Task prompt =>
From the line containing "Продавам нови маратонки" to the last line of the records below, transcribe everything exactly, pictures excluded.

Entries shown =>
————————

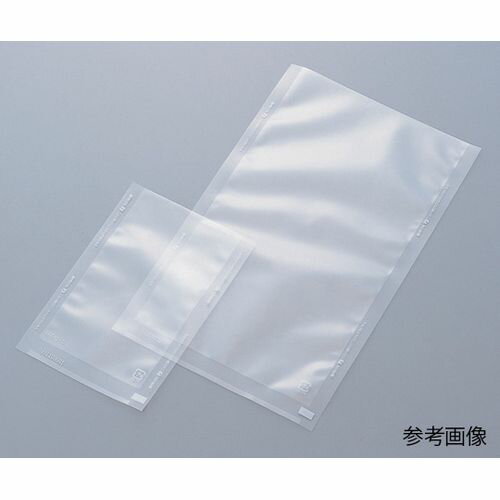 旭化成 コーパック（R） 350×500mm (1箱(500枚入り))(1-9733-05) 取り寄せ商品(4)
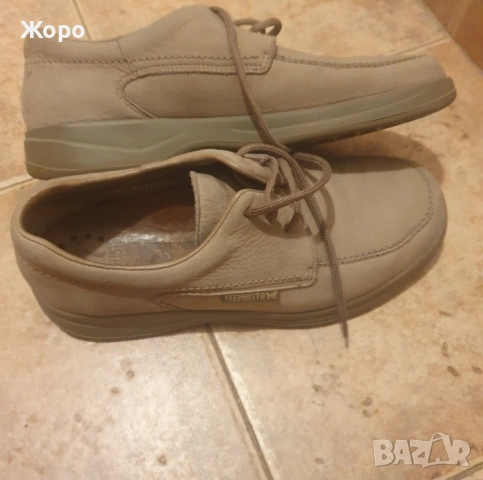 Продавам нови маратонки и сандали номер 42., снимка 17 - Маратонки - 41747622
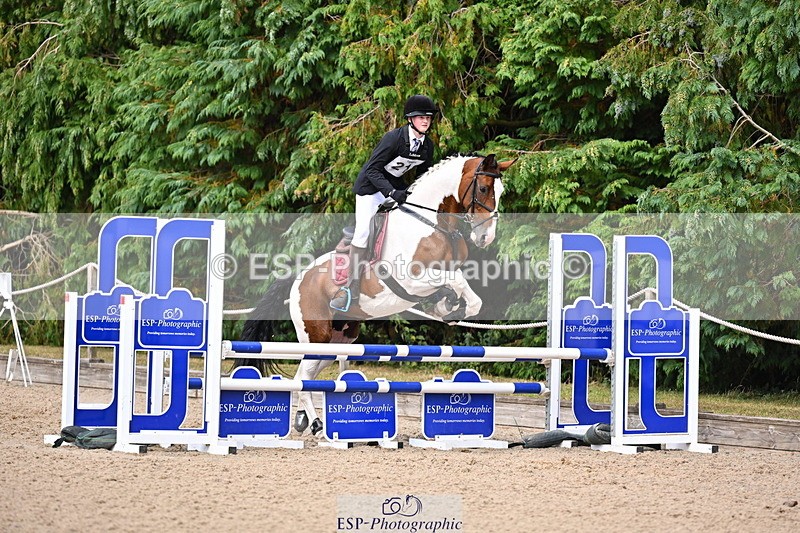 250802A-160420-06569 - E-218-Charlie.Wilson-RUBIX.SKUBIX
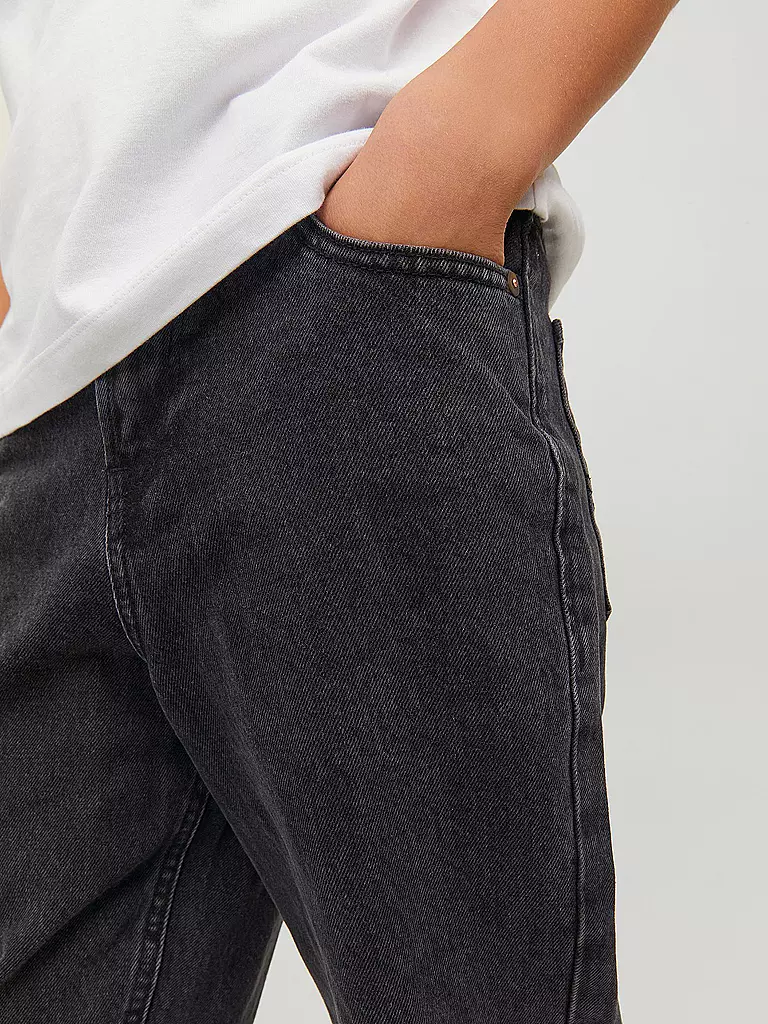 JACK & JONES | Vaqueros Relaxed Fit JJICHRIS para niño | 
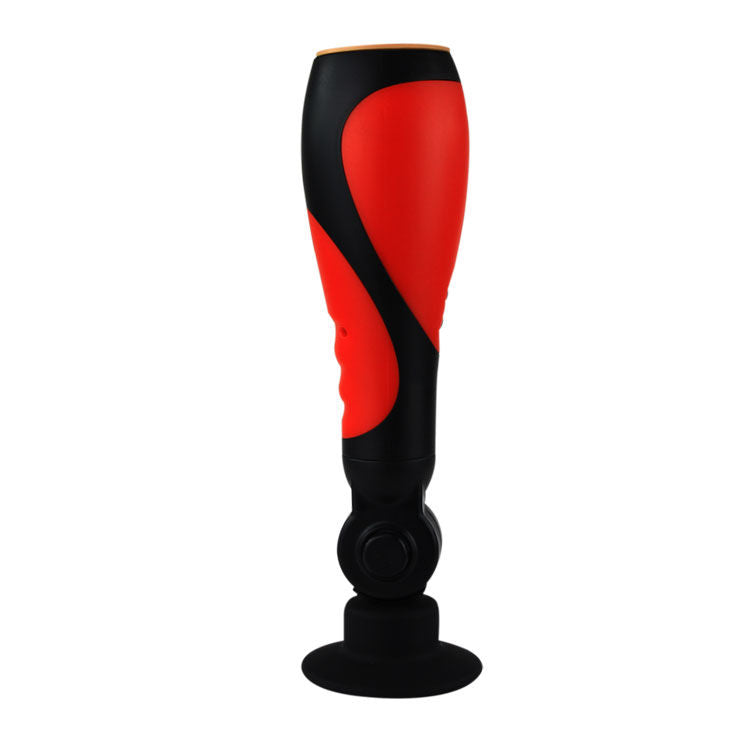 ADAPTADOR DE 30 V PARA AMANTE DEL SEXO ORAL PROM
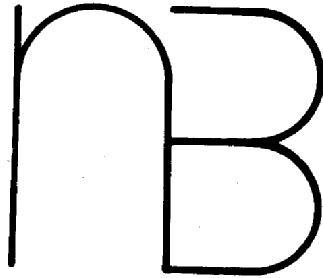 Imagen de NB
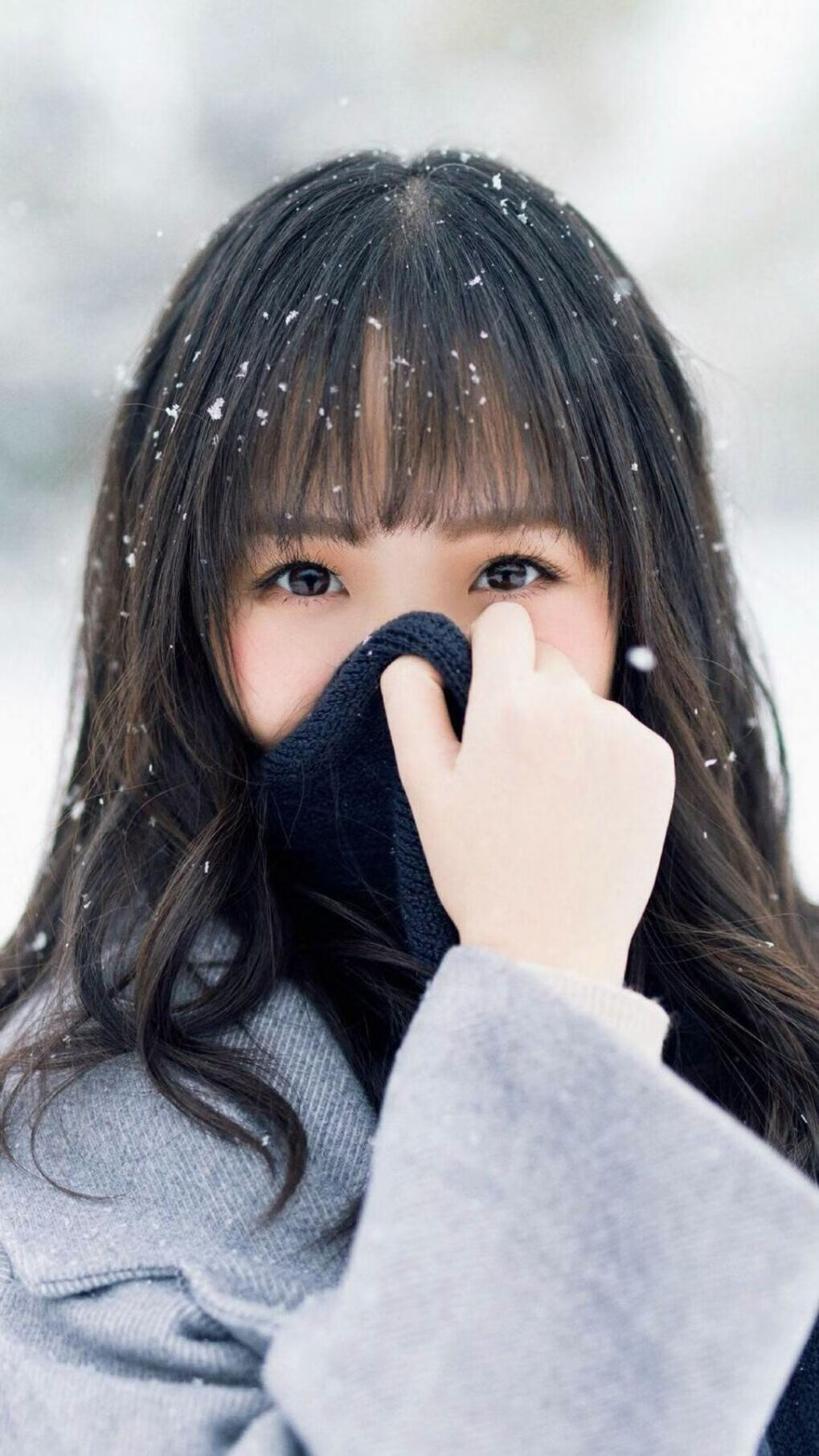 2026世界杯标志及吉祥物发布，期待成为年度体育盛事，2022世界杯徽标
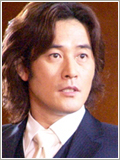 Choi Min Soo 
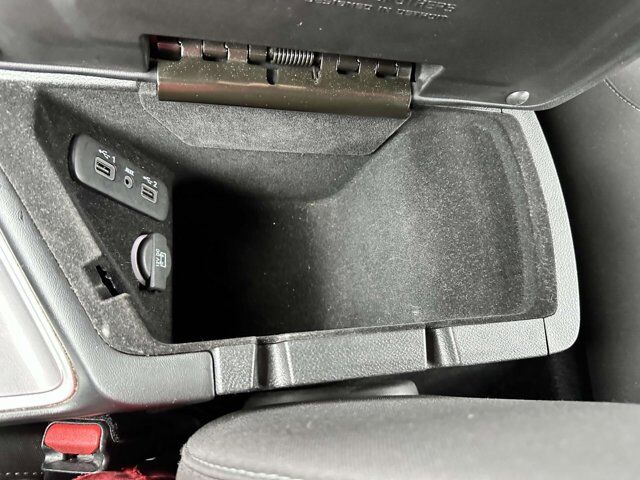 2022 Dodge Challenger GT San Clemente CA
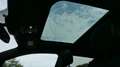 Renault Captur S-EDITION 1.3TCe 150PPK EDC M19 37DKM 12M GARANTIE Blau - thumbnail 25
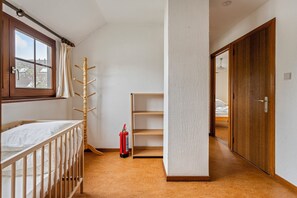 4 habitaciones y wifi gratis 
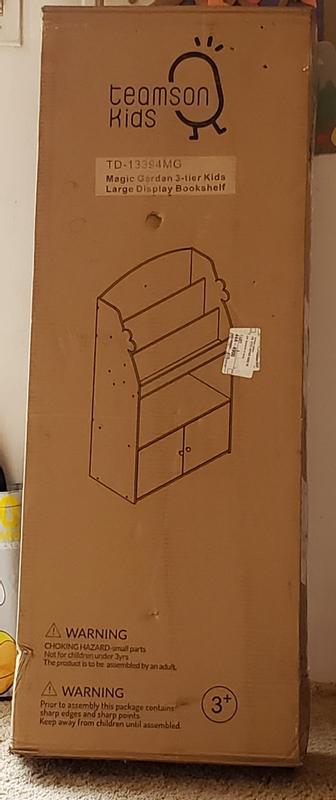 Review Thumbnail Image 0 175327142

————————

Result =>
 Продавам нови маратонки и сандали номер 42., снимка 17 - Маратонки - 41747622
 250802A-160420-06569 - E-218-Charlie.Wilson-RUBIX.SKUBIX
 JACK & JONES | Vaqueros Relaxed Fit JJICHRIS para niño | 
 ADAPTADOR DE 30 V PARA AMANTE DEL SEXO ORAL PROM
 Imagen de NB
 2026世界杯标志及吉祥物发布，期待成为年度体育盛事，2022世界杯徽标
 Choi Min Soo 
 2022 Dodge Challenger GT San Clemente CA
 Renault Captur S-EDITION 1.3TCe 150PPK EDC M19 37DKM 12M GARANTIE Blau - thumbnail 25
 4 habitaciones y wifi gratis 
 Review Thumbnail Image 0 175327142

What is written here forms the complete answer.